Filed under: Anti-Semitism, Europe and Israel, U.S. Policy
Publication: Jewish Political Studies Review

Jewish Political Studies Review

Jewish Political Studies Review 18:3-4 (Fall 2006)

 

 European Animosities

Amerika, dich hasst sich’s besser: Antiamerikanismus und Antisemitismus in Europa
(America, Hating You Is Easier: Anti-Americanism and Anti-Semitism in Europe)
by Andrei S. Markovits

Reviewed by Herbert Eiteneier

 

Andrei S. Markovits was born in Romania in 1948. He lived in Vienna and moved to New York in 1960. In 1971, he became a naturalized American. He frequently traveled to Europe and still does. Markovits is Karl W. Deutsch Collegiate Professor of Comparative Politics and German Studies at the University of Michigan, where he launched a major comparative project on anti-Americanism in Britain, France, Germany, and Italy during the twentieth century.

This is Markovits’s first book in German, though it is based on a lengthy English lecture. Intended for a German and European audience, its author takes a very negative view of the Bush administration. He analyzes Europe, however, as a continent that passively and self-righteously defines its identity in terms of disassociation and opposition to America.

Nevertheless, Markovits believes it is still an open question whether Europeans will continue to define themselves in this negative way or find a positive foundation for their unity. As a scholar shuttling between the United States and Europe, he has a strong basis for his observations and generally makes his points persuasively.

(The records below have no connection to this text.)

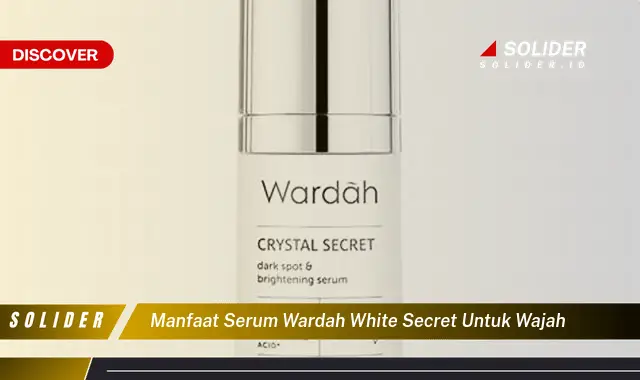 manfaat serum wardah white secret untuk wajah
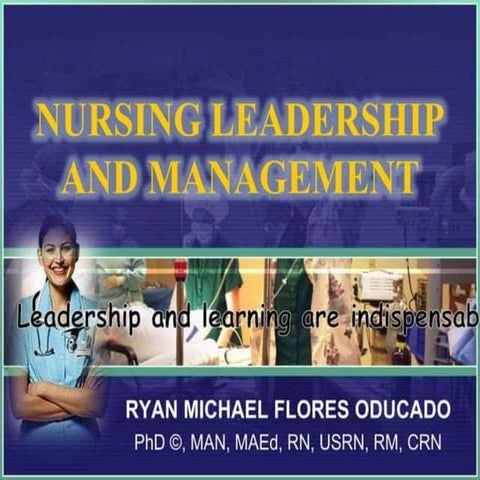 Nursing Leadership & Management PowerPoint | PDF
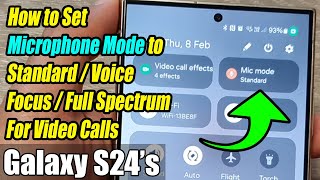 SECRET MIC MODE Control Mic Sound in Video Calls on Galaxy S24 PlusUltra Android 14 [upl. by Namurt]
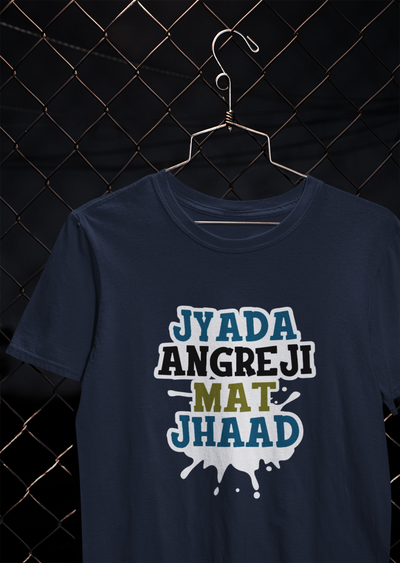 Angreji Mat Jhaad Desi Mens Half Sleeves T-shirt- FunkyTeesClub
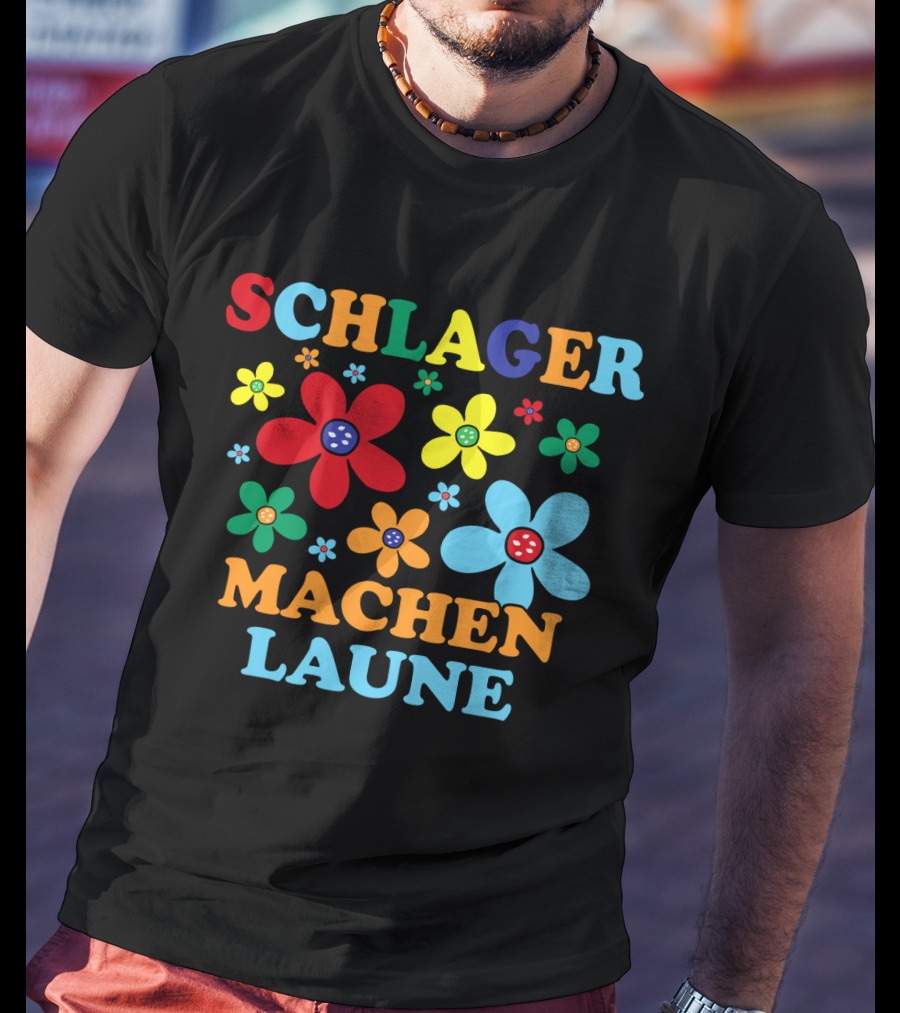 Schlager Schlagermusik Machen Laune Blumen Schlagerfan T-Shirt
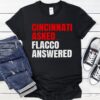 Joe Flacco Cincinnati Bengals Cincinnati asked Flacco answered shirt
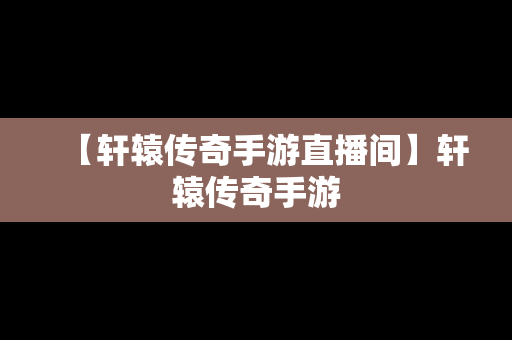 【轩辕传奇手游直播间】轩辕传奇手游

An Anti-American Tradition

Markovits points out that European anti-Americanism is not new. Citing statements by European thinkers and leaders, he notes that America, as a concept, threatened Europe even before the founding of the United States. Although such attitudes long typified the European elites but not the citizenry, in the last quarter of the twentieth century this changed.

Drawing his examples mainly from the German experience but also from the French, British, and some other countries’ behavior, Markovits shows how the perceived threat of America persisted throughout European history, even during times of close friendship after World War II. His account is mostly descriptive with some modest effort to explain why this has been so. He cites the European elites’ concerns about American primitivism, corruptibility, and very alien nature, concerns that already existed when America was still made up of English colonies. Moreover, Europeans viewed other Europeans who emigrated to America as a lowly element.

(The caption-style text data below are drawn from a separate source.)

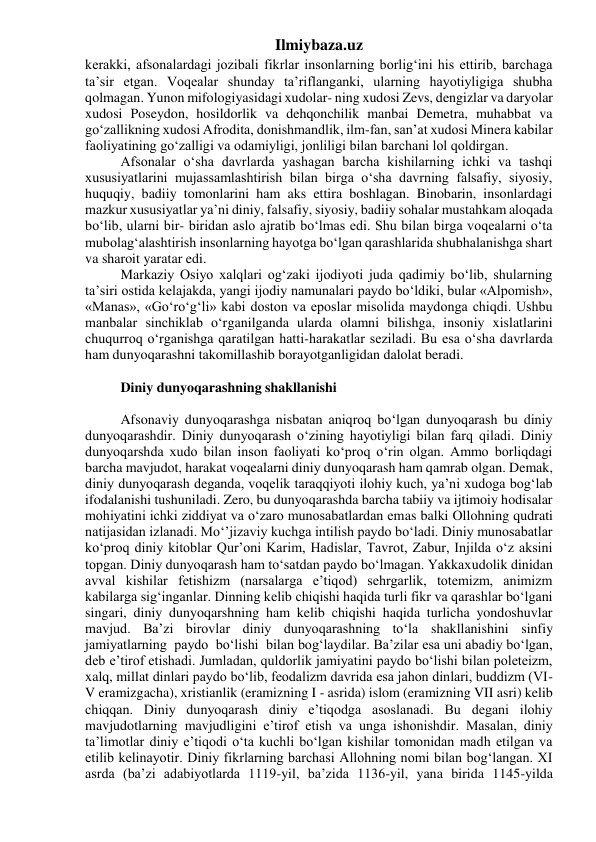 Ilmiybaza.uz 
kerakki, afsonalardagi jozibali fikrlar insonlarning borlig‘ini his ettirib, barchaga 
ta’sir etgan. Voqealar shunday ta’riflanganki, ularning hayotiyligiga shubha 
qolmagan. Yunon mifologiyasidagi xudolar- ning xudosi Zevs, dengizlar va daryolar 
xudosi Poseydon, hosildorlik va dehqonchilik manbai Demetra, muhabbat va 
go‘zallikning xudosi Afrodita, donishmandlik, ilm-fan, san’at xudosi Minera kabilar 
faoliyatining go‘zalligi va odamiyligi, jonliligi bilan barchani lol qoldirgan. 
Afsonalar o‘sha davrlarda yashagan barcha kishilarning ichki va tashqi 
xususiyatlarini mujassamlashtirish bilan birga o‘sha davrning falsafiy, siyosiy, 
huquqiy, badiiy tomonlarini ham aks ettira boshlagan. Binobarin, insonlardagi 
mazkur xususiyatlar ya’ni diniy, falsafiy, siyosiy, badiiy sohalar mustahkam aloqada 
bo‘lib, ularni bir- biridan aslo ajratib bo‘lmas edi. Shu bilan birga voqealarni o‘ta 
mubolag‘alashtirish insonlarning hayotga bo‘lgan qarashlarida shubhalanishga shart 
va sharoit yaratar edi. 
Markaziy Osiyo xalqlari og‘zaki ijodiyoti juda qadimiy bo‘lib, shularning 
ta’siri ostida kelajakda, yangi ijodiy namunalari paydo bo‘ldiki, bular «Alpomish», 
«Manas», «Go‘ro‘g‘li» kabi doston va eposlar misolida maydonga chiqdi. Ushbu 
manbalar sinchiklab o‘rganilganda ularda olamni bilishga, insoniy xislatlarini 
chuqurroq o‘rganishga qaratilgan hatti-harakatlar seziladi. Bu esa o‘sha davrlarda 
ham dunyoqarashni takomillashib borayotganligidan dalolat beradi. 
 
Diniy dunyoqarashning shakllanishi 
 
Afsonaviy dunyoqarashga nisbatan aniqroq bo‘lgan dunyoqarash bu diniy 
dunyoqarashdir. Diniy dunyoqarash o‘zining hayotiyligi bilan farq qiladi. Diniy 
dunyoqarshda xudo bilan inson faoliyati ko‘proq o‘rin olgan. Ammo borliqdagi 
barcha mavjudot, harakat voqealarni diniy dunyoqarash ham qamrab olgan. Demak, 
diniy dunyoqarash deganda, voqelik taraqqiyoti ilohiy kuch, ya’ni xudoga bog‘lab 
ifodalanishi tushuniladi. Zero, bu dunyoqarashda barcha tabiiy va ijtimoiy hodisalar 
mohiyatini ichki ziddiyat va o‘zaro munosabatlardan emas balki Ollohning qudrati 
natijasidan izlanadi. Mo‘’jizaviy kuchga intilish paydo bo‘ladi. Diniy munosabatlar 
ko‘proq diniy kitoblar Qur’oni Karim, Hadislar, Tavrot, Zabur, Injilda o‘z aksini 
topgan. Diniy dunyoqarash ham to‘satdan paydo bo‘lmagan. Yakkaxudolik dinidan 
avval kishilar fetishizm (narsalarga e’tiqod) sehrgarlik, totemizm, animizm 
kabilarga sig‘inganlar. Dinning kelib chiqishi haqida turli fikr va qarashlar bo‘lgani 
singari, diniy dunyoqarshning ham kelib chiqishi haqida turlicha yondoshuvlar 
mavjud. Ba’zi birovlar diniy dunyoqarashning to‘la shakllanishini sinfiy  
jamiyatlarning  paydo  bo‘lishi  bilan bog‘laydilar. Ba’zilar esa uni abadiy bo‘lgan, 
deb e’tirof etishadi. Jumladan, quldorlik jamiyatini paydo bo‘lishi bilan poleteizm, 
xalq, millat dinlari paydo bo‘lib, feodalizm davrida esa jahon dinlari, buddizm (VI-
V eramizgacha), xristianlik (eramizning I - asrida) islom (eramizning VII asri) kelib 
chiqqan. Diniy dunyoqarash diniy e’tiqodga asoslanadi. Bu degani ilohiy 
mavjudotlarning mavjudligini e’tirof etish va unga ishonishdir. Masalan, diniy 
ta’limotlar diniy e’tiqodi o‘ta kuchli bo‘lgan kishilar tomonidan madh etilgan va 
etilib kelinayotir. Diniy fikrlarning barchasi Allohning nomi bilan bog‘langan. XI 
asrda (ba’zi adabiyotlarda 1119-yil, ba’zida 1136-yil, yana birida 1145-yilda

Markovits’s main achievement is his depiction of European anti-Americanism as stemming primarily from the European perception of America, rather than the deeds of Americans and their government. Here he provides ample evidence; though critics might describe it as circumstantial, a more extensive description of the phenomenon would simply go beyond the scope of the book.

The Current Situation

Today, Markovits maintains, the European populace has converged with the elites in viewing the United States negatively. He attributes this particular development to the policies of the Bush administration, but does not offer solid evidence for this claim.

Also notable is Markovits’s insight into the link between European anti-Americanism and anti-Semitism. A wide range of examples include slogans like “Bush and Sharon are murderers” in protesting the invasion of Iraq, or the recent decline of German inhibitions toward Israel and Jews, who are more and more viewed as controlling American politics. Not only in Germany but in Europe generally, Jews, by shedding the image of (Nazi) victims and being strong and combative, are perceived as a threat – including Jewish interest groups in both the United States and Europe, and, of course, Israel.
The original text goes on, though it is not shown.